The distinguishing factor in all the delicacy, which graced their table, was that the food was strictly Hungarian and strictly kosher.
They’d go shopping together after grandpa retired, and seek out the most beautiful produce, the greatest cuts of meat and assorted poultry.
Friends and relatives would devour the magical creations, often saying "I never tasted kosher food this exquisite".
I, an ever a picky eater, found myself gorging on the delicious dishes, finding it almost impossible to enjoy anyone else’s cooking having been accustomed to super excellence.

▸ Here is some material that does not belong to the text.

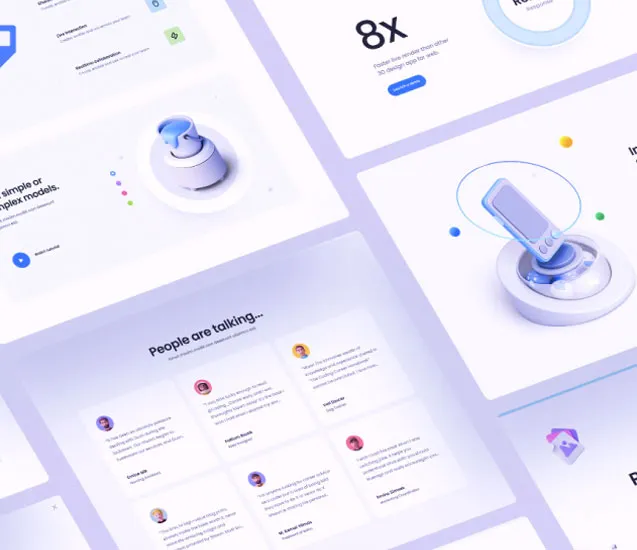 App Design portfolio project screenshot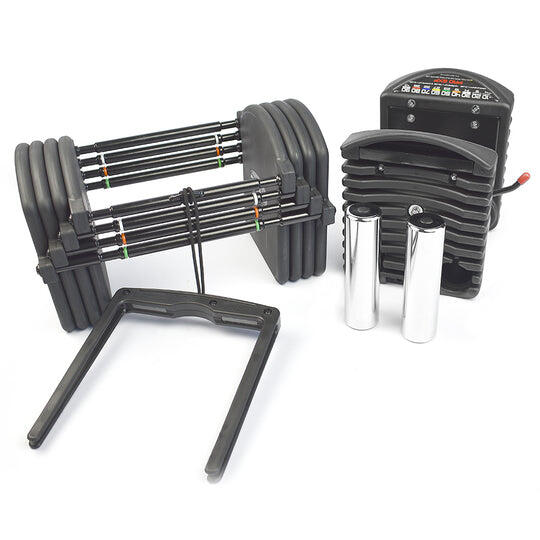 Powerblock Pro EXP Set 5-50 PBPROSET1 pour Fitness et Musculation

Of course I learnt the fact that you can cook kosher Hungarian meals, which best those one finds in any restaurant in Budapest.
A parev Palacsinta, filled with apricot jam and ground walnuts and sugar, can equal or succeed the flavor of the thin pancakes at the regal Hungarian restaurant across from the National Museum of Art in Budapest, famous for its wonderful Palacsinta.
My Grandma taught me that great cooking comes from the heart, the passion one generates into the pot.
The dishes, though not highbrow sophisticated, still could compete w anything one could get at a top French restaurant in Paris. What’s more, some things like roasts, could be fancied up with a red wine broth and mushroom sauce, whereas the Goulash was exceptional, yet prepared the traditional way, with onions braised cubed beef, carrots peppers and diced potatoes, cooked in vegetable oil and laden w spicy paprika.
I took over from my Grandma, and I have hundreds of recipes, both Milchik, Fleishig and pareve. Many are elegant enough to serve for a grand occasion, others just mouthwateringly fragrant and delicious for a simple casserole, served with crusty bread and perhaps a glass of wine.
When it comes to cooking a richtige Jewish Hungarian dish, like he filet fish and chicken soup, even those taste very differently from their polish/Jewish counterpart. For one, adding sugar to gefilte fish is considered a sacrilege and instead the carp is peppery and sits in a delicious aspic.
There are noodle dishes such as cooked flavored cabbage on egg noodles or a dairy dish, perfect to serve before Erev Yom Kippur, called Rakkot Krumpli (layered potatoes), made w cooked and sliced potatoes and hard boils eggs, layered with sour cream and a bit of bitten. The addition of a simple cheese his perfect for a browned, fragrant dish, that will have you watering at the mouth I decided against adding recipes and if anyone is interested I’ll be glad to post whichever is asked for.
I’m so passionate about cooking world class food in observance of the honor of Kashrut
Also, to create cakes that are light and mountain high, made w ground walnuts, eggs sugar and a healthy margarine or butter if it’s for a an afternoon get together.
If we cook with our hearts open have the right ingredient, use the correct amount of spices and herbs. Kosher food can be easily the best Hungarian food you have ever tasted.